Assignment: Repeat exactly, and nothing more, the lines from the one that includes "Ο Πιερρακάκης εξήγησε" through the final line of the entries; skip the pictures.

▼

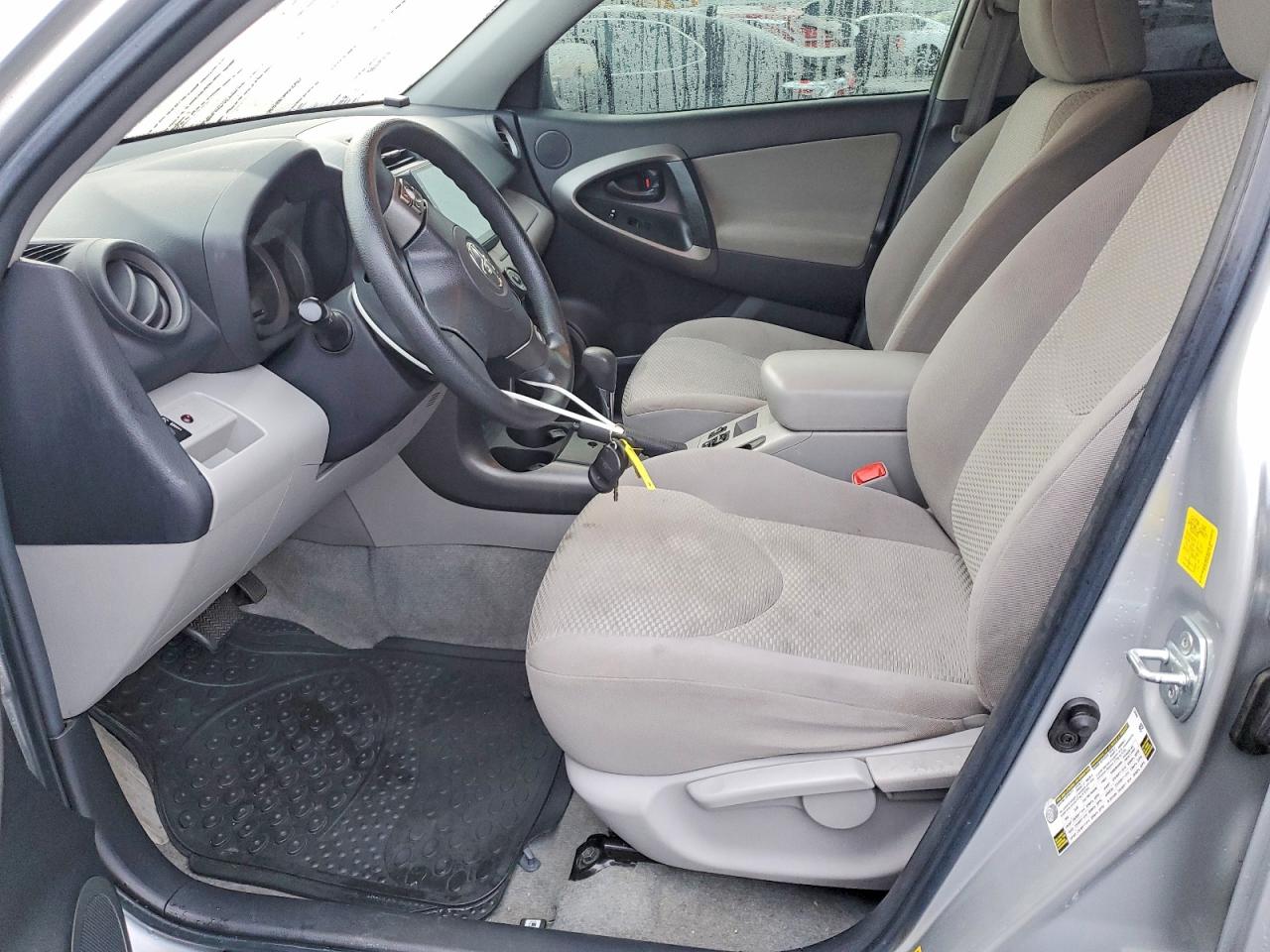 2011 TOYOTA RAV4 photo 7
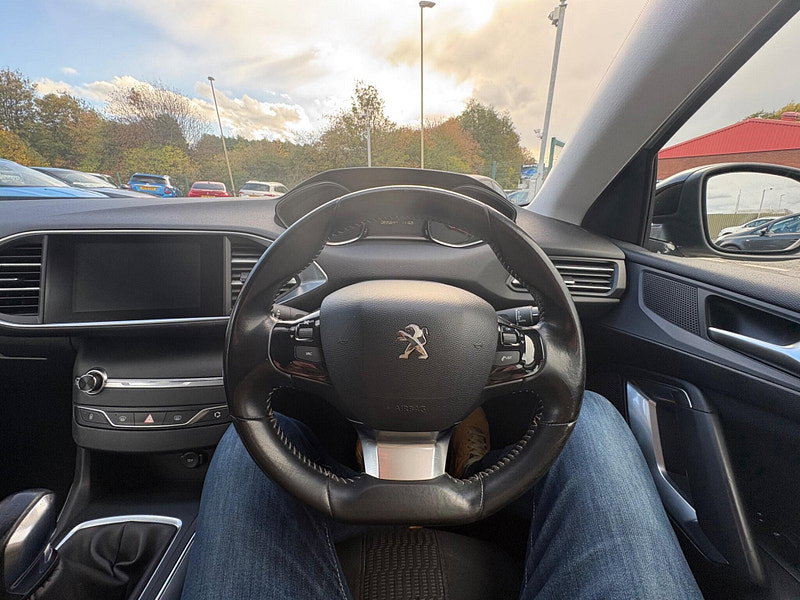 Peugeot 308 1.2 PureTech Sportium Euro 6 (s/s) 5dr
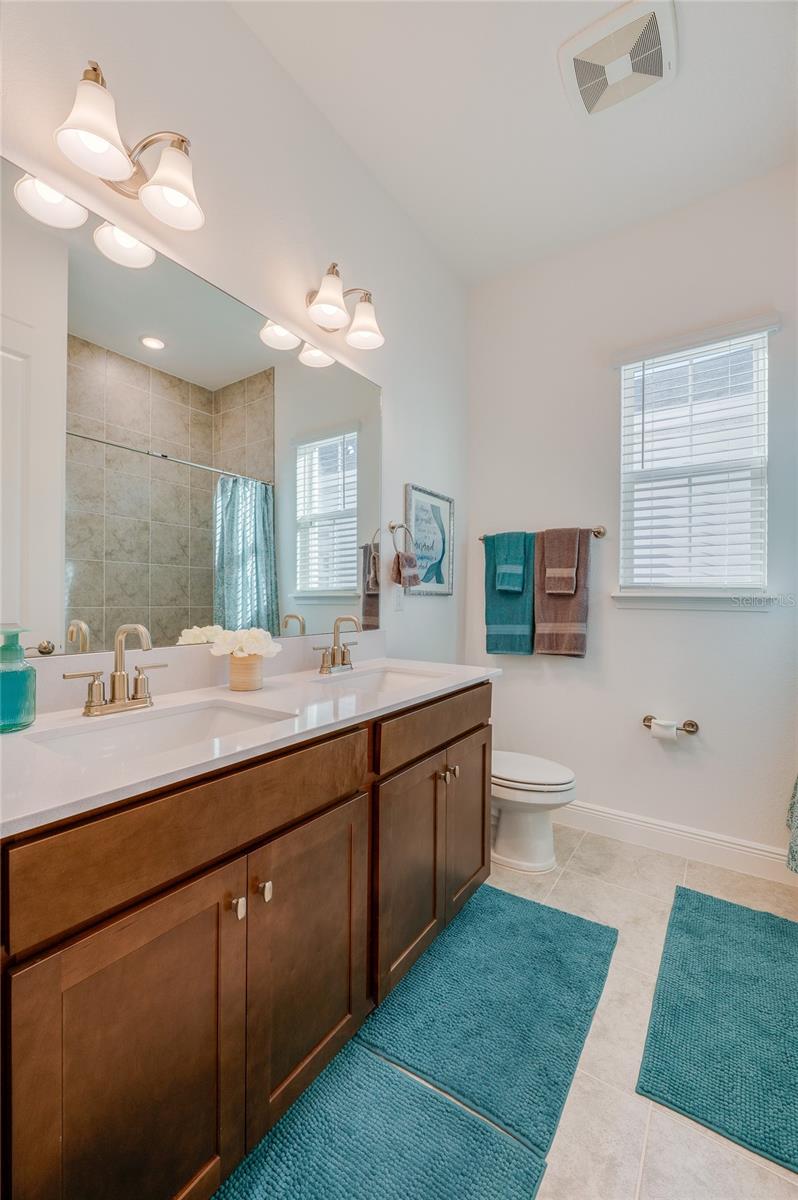 Image 29 of 52 For 1018 Flopshot Circle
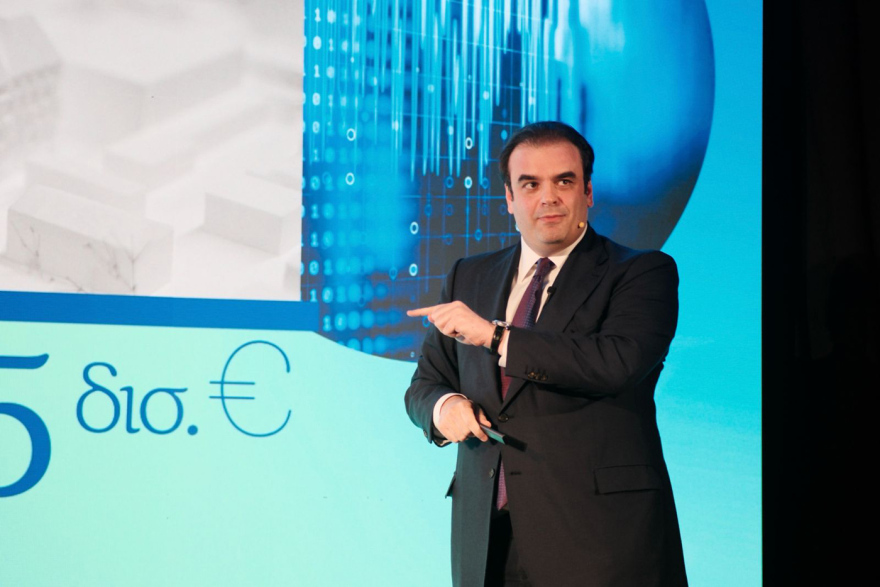Ο Πιερρακάκης εξήγησε πώς διαμορφώθηκε το πλεόνασμα που επιτρέπει τις παροχές της ΔΕΘ, δείτε φωτογραφίες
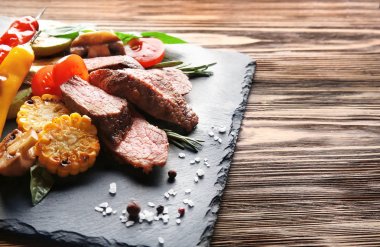 Sebze ile lezzetli sulu et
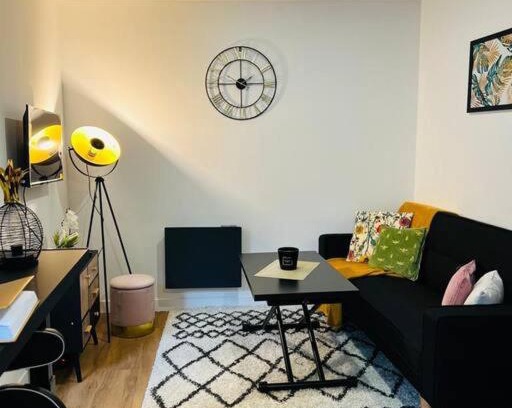 Henriville Apartment | Black Pearl V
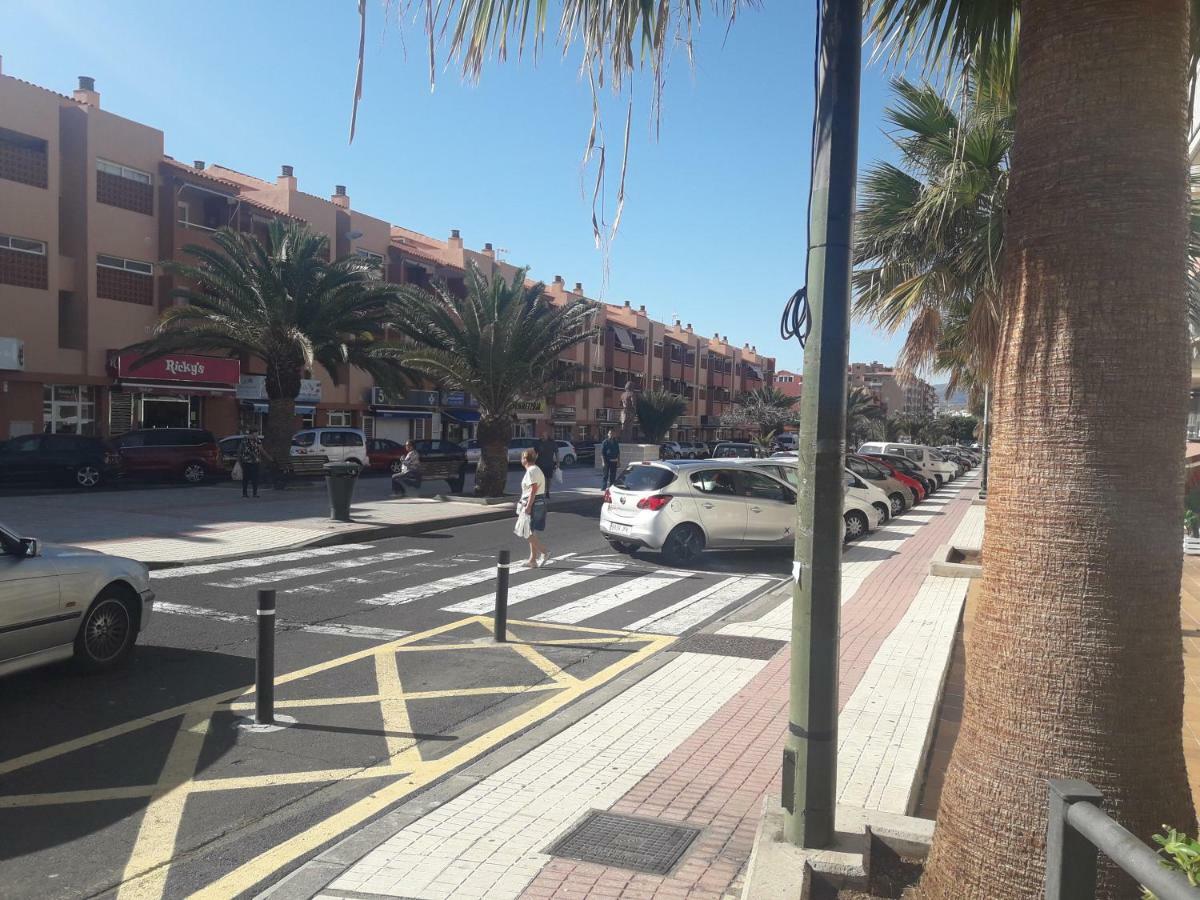 דירות קנדלריה Casa Leli מראה חיצוני תמונה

▲

Response:
Ο Πιερρακάκης εξήγησε πώς διαμορφώθηκε το πλεόνασμα που επιτρέπει τις παροχές της ΔΕΘ, δείτε φωτογραφίες
 Sebze ile lezzetli sulu et
 Henriville Apartment | Black Pearl V
 דירות קנדלריה Casa Leli מראה חיצוני תמונה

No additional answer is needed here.